Podemos extraer algunas conclusiones:
· Las políticas de recortes que se están aplicando en el estado español, y que se van a intensificar en los próximos días y semanas, suponen un empobrecimiento generalizado de la población. Están agravando la recesión, aumentando el desempleo, recortando la protección social y haciendo que cada vez más gente tenga problemas para llegar a fin de mes. Aumentar el IVA, o recortar las pensiones o las prestaciones por desempleo son políticas injustas que hacen que la crisis la paguen quienes no tienen responsabilidad en la misma. 

· Esta política se basa en la manipulación y en la mentira. La forma en la que se imponen a la población estas medidas antisociales, a la vez que se destinan cantidades ingentes de dinero público para la banca, deterioran la democracia debido a la ausencia de información veraz y de debate social. 

· Destinar grandes cantidades de dinero a la banca es injusto e inmoral. Supone salvar a los banqueros a costa del bienestar de la mayoría de la población. 

· Se está profundizando en un modelo de construcción europeo claramente antisocial, que ELA rechaza. 

Queremos denunciar que existe un acuerdo político de fondo para ir en esa dirección. Un ejemplo significativo de ello es la ratificación del último Tratado de la Unión Europea, realizada el pasado 21 de junio en el Congreso español, con el voto favorable de PP, PSOE, PNV o CIU. La poca relevancia concedida a un debate tan importante es también destacable. 

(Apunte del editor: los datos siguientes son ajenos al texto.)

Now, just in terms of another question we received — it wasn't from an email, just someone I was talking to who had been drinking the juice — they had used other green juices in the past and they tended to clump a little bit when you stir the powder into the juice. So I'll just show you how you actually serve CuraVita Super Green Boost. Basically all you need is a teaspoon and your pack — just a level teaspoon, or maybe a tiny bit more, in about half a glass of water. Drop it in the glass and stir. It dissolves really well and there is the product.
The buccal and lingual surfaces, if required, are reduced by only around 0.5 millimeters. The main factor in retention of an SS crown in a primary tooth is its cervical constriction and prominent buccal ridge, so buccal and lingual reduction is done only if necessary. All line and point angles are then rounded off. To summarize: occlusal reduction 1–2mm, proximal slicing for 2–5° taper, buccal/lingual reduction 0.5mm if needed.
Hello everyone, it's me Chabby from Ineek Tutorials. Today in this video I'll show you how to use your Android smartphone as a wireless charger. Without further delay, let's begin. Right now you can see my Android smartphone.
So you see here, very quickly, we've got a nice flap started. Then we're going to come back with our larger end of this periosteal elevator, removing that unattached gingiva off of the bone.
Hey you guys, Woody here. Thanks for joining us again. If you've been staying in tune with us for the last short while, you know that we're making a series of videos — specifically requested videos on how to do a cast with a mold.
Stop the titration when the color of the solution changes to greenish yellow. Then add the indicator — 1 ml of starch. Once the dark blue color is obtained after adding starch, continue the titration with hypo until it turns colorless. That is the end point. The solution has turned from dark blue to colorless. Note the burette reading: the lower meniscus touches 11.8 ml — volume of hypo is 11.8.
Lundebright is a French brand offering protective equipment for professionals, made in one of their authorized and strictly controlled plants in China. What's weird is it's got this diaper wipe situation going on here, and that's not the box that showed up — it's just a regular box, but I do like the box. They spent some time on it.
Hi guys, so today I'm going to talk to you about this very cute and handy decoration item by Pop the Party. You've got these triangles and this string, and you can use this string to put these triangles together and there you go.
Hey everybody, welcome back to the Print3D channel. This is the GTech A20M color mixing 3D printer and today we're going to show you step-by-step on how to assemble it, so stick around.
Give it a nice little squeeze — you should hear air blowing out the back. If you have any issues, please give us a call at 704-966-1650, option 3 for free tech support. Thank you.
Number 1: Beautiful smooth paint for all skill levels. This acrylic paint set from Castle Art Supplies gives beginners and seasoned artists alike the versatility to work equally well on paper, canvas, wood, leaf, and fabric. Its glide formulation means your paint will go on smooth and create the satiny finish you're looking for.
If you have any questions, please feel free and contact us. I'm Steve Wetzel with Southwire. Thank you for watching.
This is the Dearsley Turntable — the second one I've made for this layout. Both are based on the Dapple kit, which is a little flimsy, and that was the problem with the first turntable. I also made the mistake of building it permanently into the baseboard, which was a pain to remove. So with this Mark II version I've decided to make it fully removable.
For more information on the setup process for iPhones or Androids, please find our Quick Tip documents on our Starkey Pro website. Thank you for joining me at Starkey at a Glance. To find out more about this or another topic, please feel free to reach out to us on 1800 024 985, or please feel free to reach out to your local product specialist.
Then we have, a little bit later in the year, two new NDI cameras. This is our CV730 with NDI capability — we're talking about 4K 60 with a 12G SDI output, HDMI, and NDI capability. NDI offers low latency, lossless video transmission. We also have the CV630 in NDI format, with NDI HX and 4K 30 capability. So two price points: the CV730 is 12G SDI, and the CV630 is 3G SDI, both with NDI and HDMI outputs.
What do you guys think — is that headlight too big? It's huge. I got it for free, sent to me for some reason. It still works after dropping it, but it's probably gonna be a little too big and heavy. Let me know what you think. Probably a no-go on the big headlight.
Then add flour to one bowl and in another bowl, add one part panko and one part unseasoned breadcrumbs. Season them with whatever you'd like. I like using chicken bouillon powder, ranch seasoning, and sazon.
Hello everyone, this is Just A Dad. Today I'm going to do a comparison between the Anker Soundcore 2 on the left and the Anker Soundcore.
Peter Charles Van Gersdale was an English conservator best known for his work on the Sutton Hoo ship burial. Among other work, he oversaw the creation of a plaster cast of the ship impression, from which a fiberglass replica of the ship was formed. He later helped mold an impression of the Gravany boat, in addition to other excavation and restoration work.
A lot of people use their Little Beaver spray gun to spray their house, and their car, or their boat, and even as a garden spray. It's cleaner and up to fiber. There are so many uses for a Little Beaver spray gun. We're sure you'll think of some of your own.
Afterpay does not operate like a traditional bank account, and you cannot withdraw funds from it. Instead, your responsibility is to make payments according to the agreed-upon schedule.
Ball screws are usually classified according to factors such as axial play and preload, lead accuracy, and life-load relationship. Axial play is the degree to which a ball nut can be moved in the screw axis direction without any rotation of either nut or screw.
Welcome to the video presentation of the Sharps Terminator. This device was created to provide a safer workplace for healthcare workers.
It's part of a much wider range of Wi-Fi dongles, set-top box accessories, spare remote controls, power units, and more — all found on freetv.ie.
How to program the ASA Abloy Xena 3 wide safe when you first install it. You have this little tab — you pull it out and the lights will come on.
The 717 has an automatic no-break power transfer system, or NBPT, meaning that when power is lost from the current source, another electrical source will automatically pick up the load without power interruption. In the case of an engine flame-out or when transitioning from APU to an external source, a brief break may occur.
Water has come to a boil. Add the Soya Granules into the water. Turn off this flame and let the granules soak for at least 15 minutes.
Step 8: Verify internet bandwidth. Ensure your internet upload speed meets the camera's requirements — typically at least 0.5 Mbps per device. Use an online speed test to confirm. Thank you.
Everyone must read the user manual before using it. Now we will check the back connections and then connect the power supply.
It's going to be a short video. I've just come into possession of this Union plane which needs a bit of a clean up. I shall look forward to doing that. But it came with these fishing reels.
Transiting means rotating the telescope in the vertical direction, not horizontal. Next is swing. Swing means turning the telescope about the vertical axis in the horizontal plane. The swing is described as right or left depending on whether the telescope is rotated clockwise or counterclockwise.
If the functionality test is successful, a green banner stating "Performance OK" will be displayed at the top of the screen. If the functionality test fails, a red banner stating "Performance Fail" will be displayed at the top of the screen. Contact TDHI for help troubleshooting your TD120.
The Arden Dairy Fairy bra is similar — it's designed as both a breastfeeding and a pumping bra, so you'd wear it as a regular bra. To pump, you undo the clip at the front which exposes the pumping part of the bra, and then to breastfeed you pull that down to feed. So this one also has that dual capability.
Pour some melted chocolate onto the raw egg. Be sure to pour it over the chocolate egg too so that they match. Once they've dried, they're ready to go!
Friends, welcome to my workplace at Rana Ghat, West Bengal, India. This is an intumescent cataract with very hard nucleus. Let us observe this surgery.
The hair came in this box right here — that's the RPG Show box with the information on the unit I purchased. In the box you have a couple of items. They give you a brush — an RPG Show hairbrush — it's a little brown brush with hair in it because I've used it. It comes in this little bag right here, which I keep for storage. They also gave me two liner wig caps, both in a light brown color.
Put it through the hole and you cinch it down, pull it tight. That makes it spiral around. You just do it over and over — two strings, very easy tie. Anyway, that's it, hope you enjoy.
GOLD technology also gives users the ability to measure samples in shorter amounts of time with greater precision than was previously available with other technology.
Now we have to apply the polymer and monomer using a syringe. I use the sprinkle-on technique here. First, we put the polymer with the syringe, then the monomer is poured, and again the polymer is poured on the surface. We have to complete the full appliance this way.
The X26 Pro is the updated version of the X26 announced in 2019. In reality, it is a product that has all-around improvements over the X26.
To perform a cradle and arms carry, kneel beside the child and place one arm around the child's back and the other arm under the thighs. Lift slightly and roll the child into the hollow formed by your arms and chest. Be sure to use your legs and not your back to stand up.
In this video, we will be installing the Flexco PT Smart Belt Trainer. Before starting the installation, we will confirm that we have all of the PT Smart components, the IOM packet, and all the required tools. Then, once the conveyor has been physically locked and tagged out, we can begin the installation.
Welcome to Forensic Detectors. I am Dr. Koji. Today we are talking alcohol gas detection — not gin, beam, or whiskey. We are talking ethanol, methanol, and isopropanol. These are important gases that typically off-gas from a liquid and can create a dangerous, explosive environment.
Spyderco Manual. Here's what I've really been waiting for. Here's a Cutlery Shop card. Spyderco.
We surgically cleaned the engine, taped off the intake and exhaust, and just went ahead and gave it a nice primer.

· Lo que ocurre en el estado español es cada vez más parecido a lo sucedido en Grecia, Portugal o Irlanda. El resultado de las políticas que se aplican en todos estos lugares es nefasto. Solo favorecen a quienes se enriquecen a costa de los recortes salariales, sociales y las privatizaciones. Quienes gobiernan deberían explicar porqué trabajan a favor de una minoría poderosa. 

· Existe una alternativa, que supone una salida justa a la crisis, y que consiste en la no aplicación de los recortes y un cambio radical de las políticas fiscales y sociales. Esta política supone confrontar con la actual lógica neoliberal y capitalista, y confrontar también con el poder económico y financiero. 

· El rechazo social y la movilización supone la única vía para cambiar las políticas.